# INFORMATION SUPPLIED

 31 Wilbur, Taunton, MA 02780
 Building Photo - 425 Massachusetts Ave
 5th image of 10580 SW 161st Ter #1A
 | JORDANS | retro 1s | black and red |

# ACTIVITY
Write the material out again in full, leaving no line out.

# RESULT
 31 Wilbur, Taunton, MA 02780
 Building Photo - 425 Massachusetts Ave
 5th image of 10580 SW 161st Ter #1A
 | JORDANS | retro 1s | black and red |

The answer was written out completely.